Directions for this task: Repeat the span of the entries below that starts at the line with "birthday2007 053.jpg" and ends at the line with "DE INCHIRIAT: Spatiu", nothing more. Skip the pictures.

Records provided:
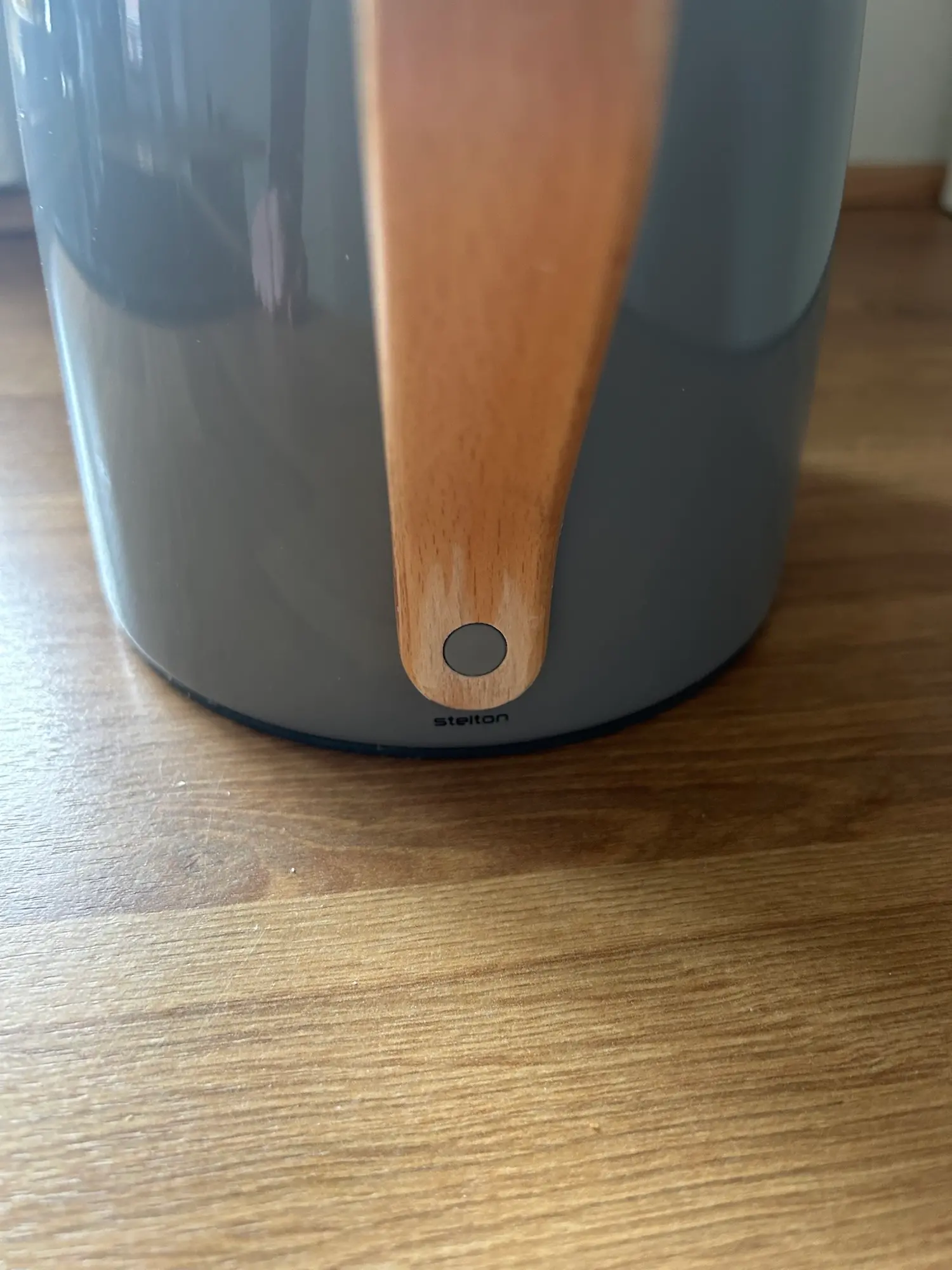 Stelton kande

--

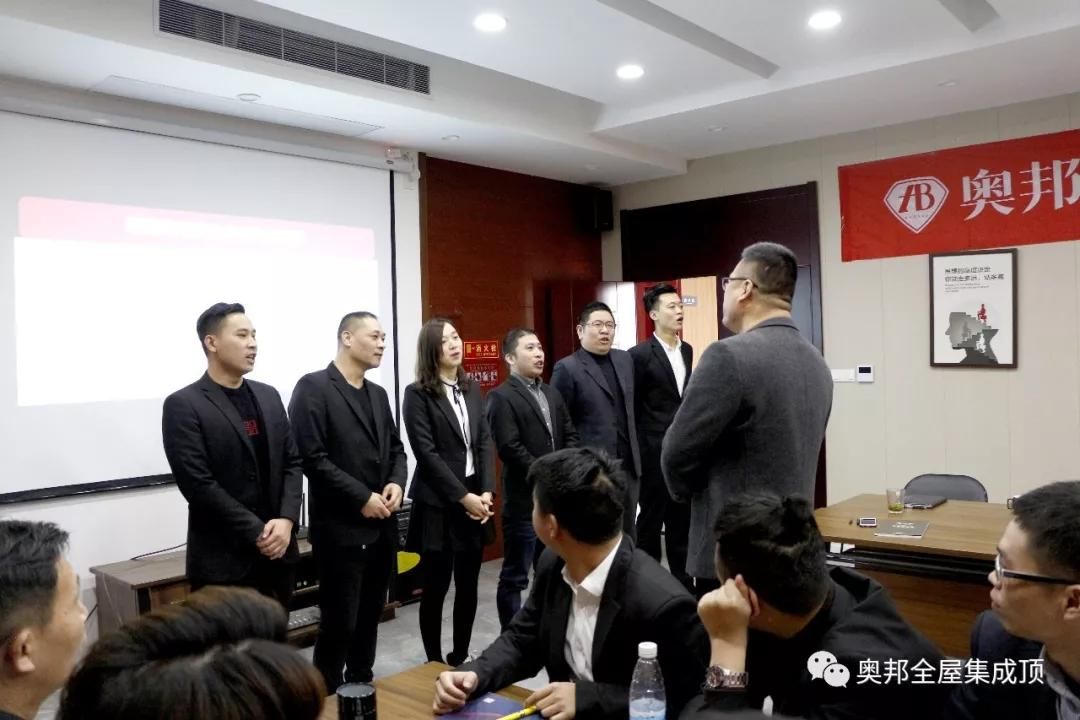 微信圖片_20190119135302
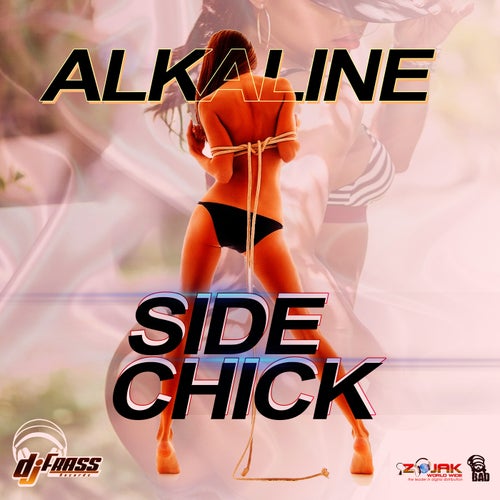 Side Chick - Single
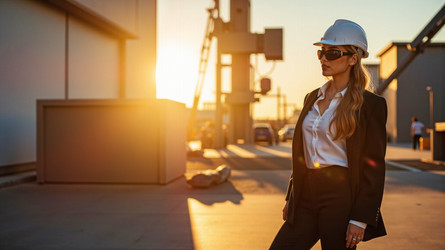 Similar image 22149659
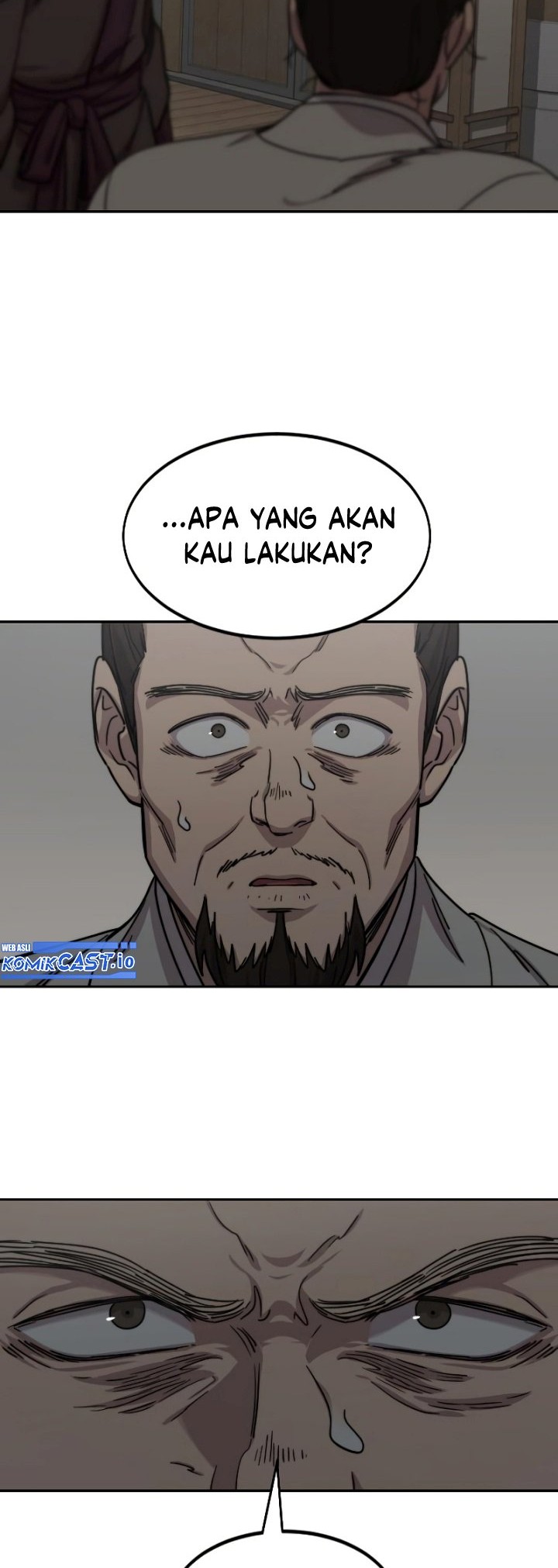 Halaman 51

--

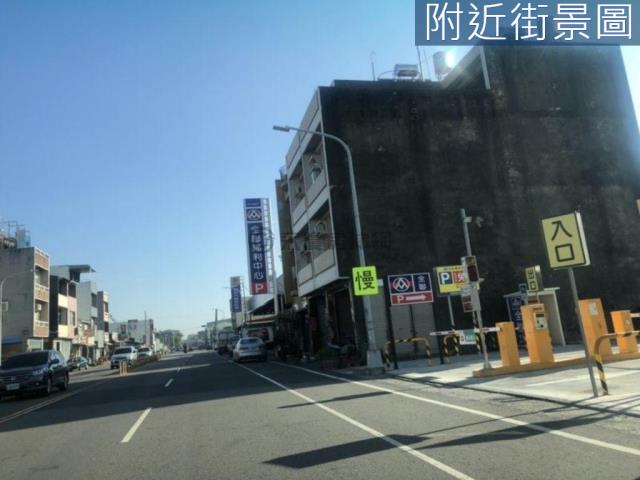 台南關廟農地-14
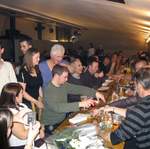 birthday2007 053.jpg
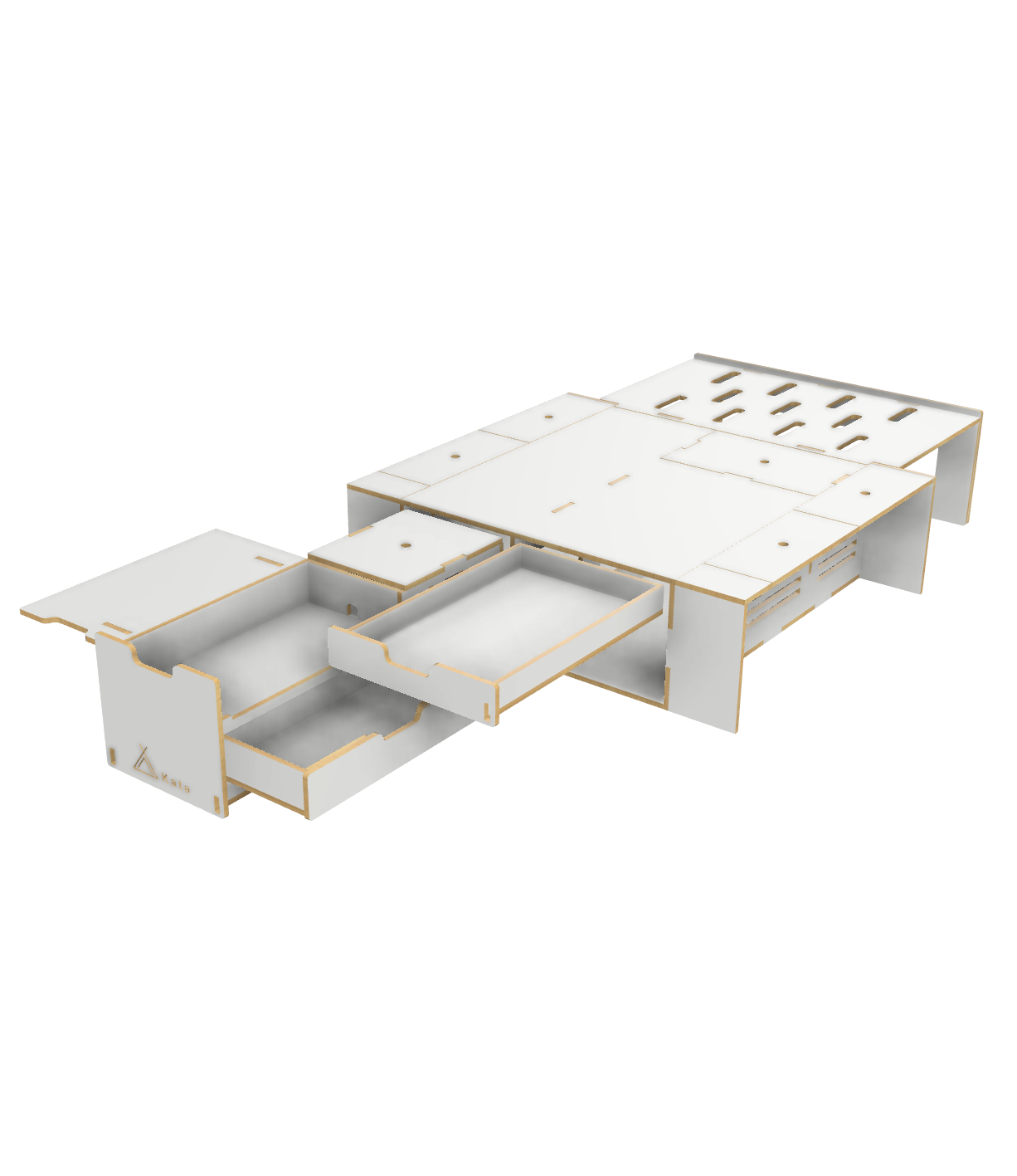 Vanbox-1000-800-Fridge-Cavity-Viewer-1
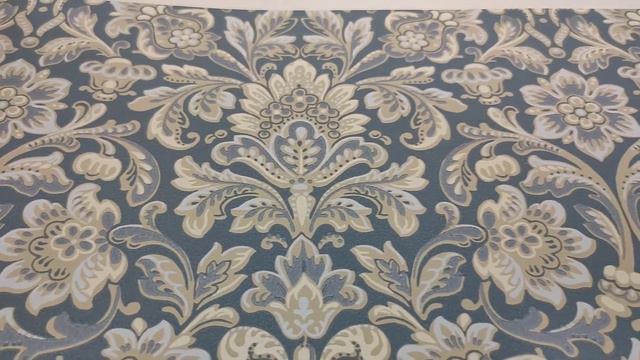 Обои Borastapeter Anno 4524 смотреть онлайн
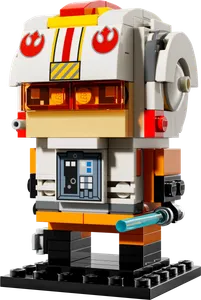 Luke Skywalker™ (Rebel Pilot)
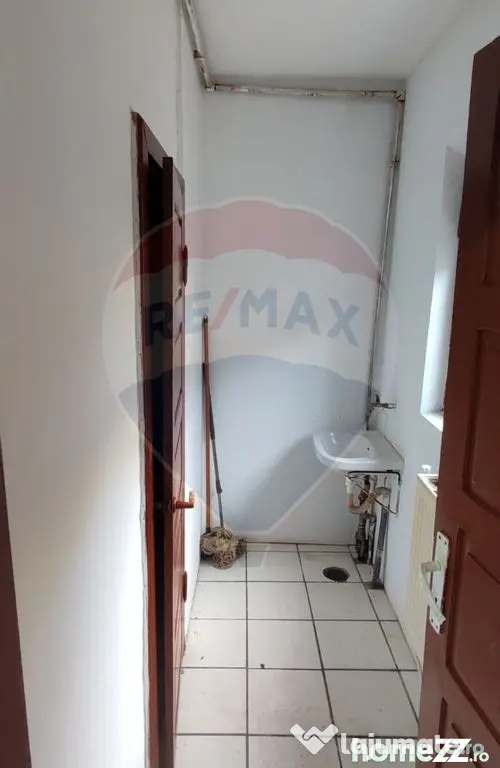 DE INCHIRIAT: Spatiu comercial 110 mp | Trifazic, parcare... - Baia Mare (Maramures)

Solution for this exercise:
 birthday2007 053.jpg
 Vanbox-1000-800-Fridge-Cavity-Viewer-1
 Обои Borastapeter Anno 4524 смотреть онлайн
 Luke Skywalker™ (Rebel Pilot)
 DE INCHIRIAT: Spatiu comercial 110 mp | Trifazic, parcare... - Baia Mare (Maramures)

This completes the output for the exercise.